L'opération a mobilisé 2 500 agents contre le Comando Vermelho (Commando Rouge), principal groupe criminel de Rio, qui opère dans les favelas, quartiers populaires densément peuplés. Après plus d'un an d'enquête et avec 113 arrestations, l'intervention a été un "succès", a lancé devant la presse Claudio Castro, gouverneur de droite de l'Etat de Rio. Il a défendu la manière forte face à ce qu'il qualifie de "narcoterrorisme". Les seules "victimes" ont été les policiers tués, a-t-il affirmé.

"Ce n'est pas une tragédie, mais un choix, un projet de pouvoir"

Sur place, au Complexo da Penha et au Complexo do Alemao, vastes ensembles de favelas situés dans le nord de Rio, l'ampleur du bain de sang a stupéfié les habitants, pourtant trop souvent confrontés à la violence. Ce sont eux qui ont descendu les corps depuis les hauteurs qui surplombent ces quartiers pauvres. Gabriela Santos, une habitante membre de l'ONG Voz Das Comunidades, n'en peut plus : "J'ai vraiment du mal à mettre des mots sur ce que c'est que voir notre quartier entier sous le sang, les corps, la peur et un climat de guerre qui n'a aucun sens... Ce qu'il s'est passé dans le Complexo do Alemao et ici à Penha, ce n'est pas une tragédie, c'est un choix, un projet de pouvoir qui se base sur les corps des personnes noirs et de la périphérie", accuse-t-elle.
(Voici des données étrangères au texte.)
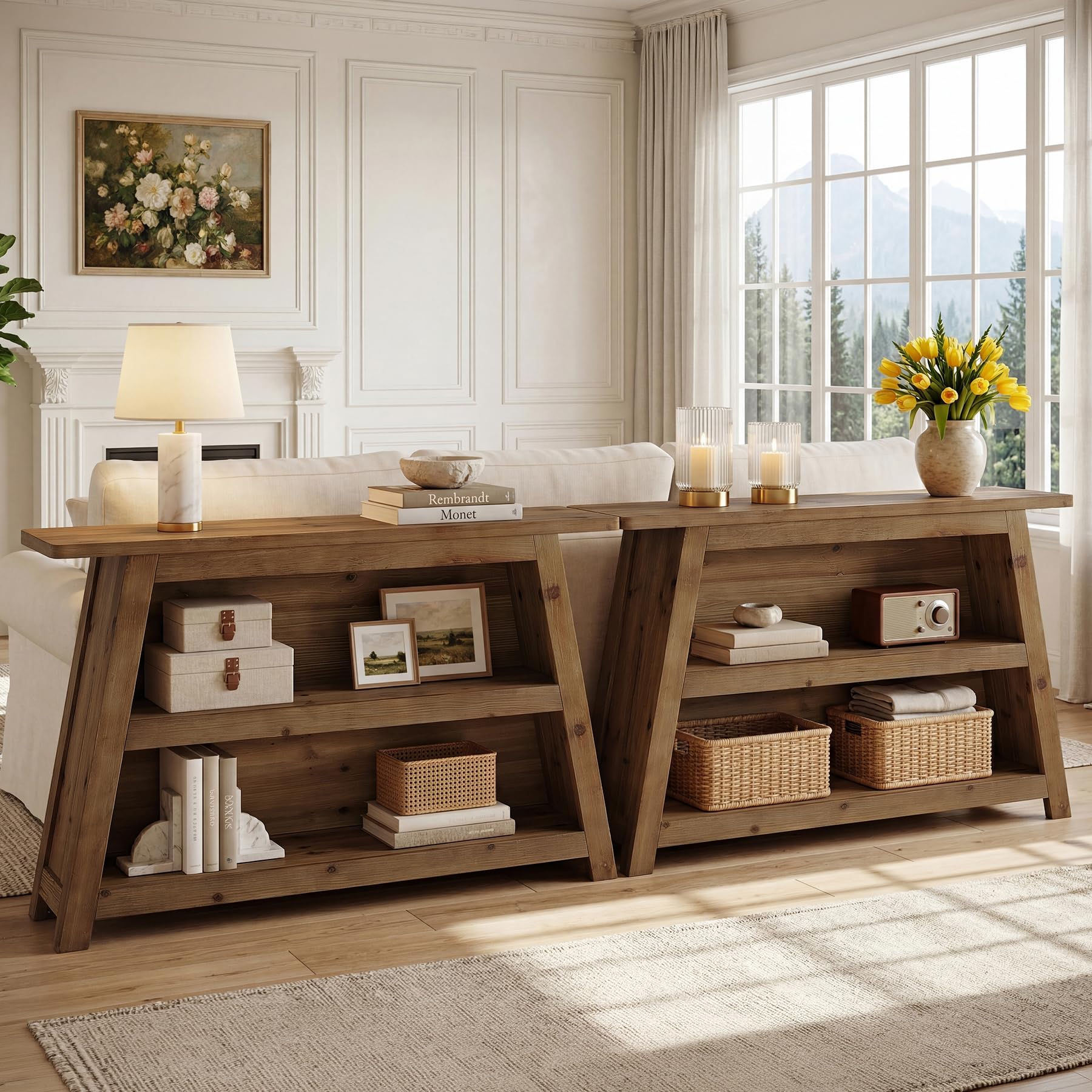 Massivholz Konsolentisch, 120 cm Schmale Eingangstisch, Sofatisch mit 3-stöckiger, Landhausstil Couch-Tische hinter dem Sofa für Eingangsbereich, Flur, Foyer, Rustikales Braun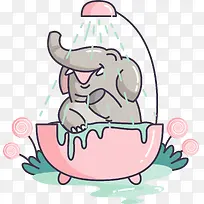 开心沐浴的可爱大象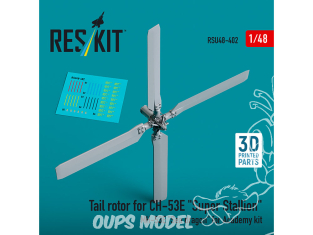 ResKit Avion RSU48-0402 Rotor de queue pour CH-53E Super Stallion MH-53E Sea dragon kit Academy imprimé en 3D)1/48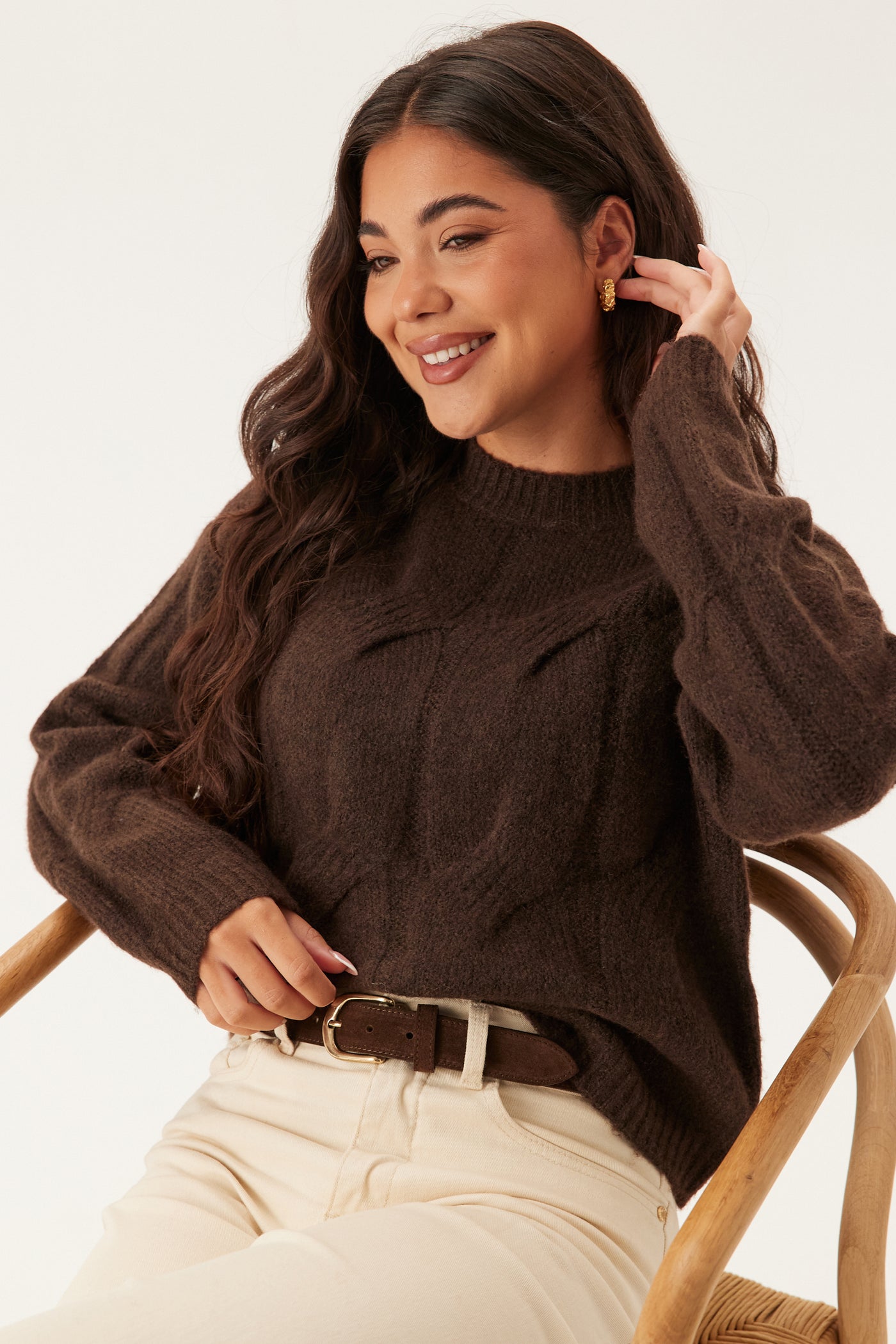 Pcjenna Ls O Neck Cable Knit Goji Berry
Peu importe l'indignation locale ou les critiques internationales, le gouverneur d'extrême droite Claudio Castro, responsable de l'opération continue de s'en féliciter, ne déplorant que les quatre policiers tués. Avec l'année électorale à venir l'an prochain, il espère surfer sur ce bilan, alors qu'une partie de la population soutien sans réserve ces actions sanglantes.

Le juge Alexandre de Moraes, de la Cour suprême brésilienne, a demandé des explications sur l'action de la police au gouverneur Castro, convoqué pour une audience la semaine prochaine. Le secrétaire général de l'ONU Antonio Guterres, "très inquiet" du bilan de l'opération, "appelle les autorités à mener rapidement une enquête", selon un porte-parole. Jusqu'à présent, l'intervention policière la plus mortelle de l'histoire du Brésil avait eu lieu en 1992, quand 111 détenus avaient été tués dans la répression d'une mutinerie dans une prison à Carandiru, près de São Paulo.